Activity -> Once the line holding "Hundeliegematte JOKKMOKK Cord" is found in the listing below, write it out and each later line exactly, up to and including the one holding "wp_thumbnail_service overview-next generation".

Dataset ->
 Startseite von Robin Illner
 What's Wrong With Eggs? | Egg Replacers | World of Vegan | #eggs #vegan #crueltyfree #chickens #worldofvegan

---

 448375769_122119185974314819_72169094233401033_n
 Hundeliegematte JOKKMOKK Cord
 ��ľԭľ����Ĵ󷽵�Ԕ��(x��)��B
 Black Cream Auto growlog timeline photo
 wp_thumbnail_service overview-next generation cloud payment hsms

Answer to the problem ->
 Hundeliegematte JOKKMOKK Cord
 ��ľԭľ����Ĵ󷽵�Ԕ��(x��)��B
 Black Cream Auto growlog timeline photo
 wp_thumbnail_service overview-next generation cloud payment hsms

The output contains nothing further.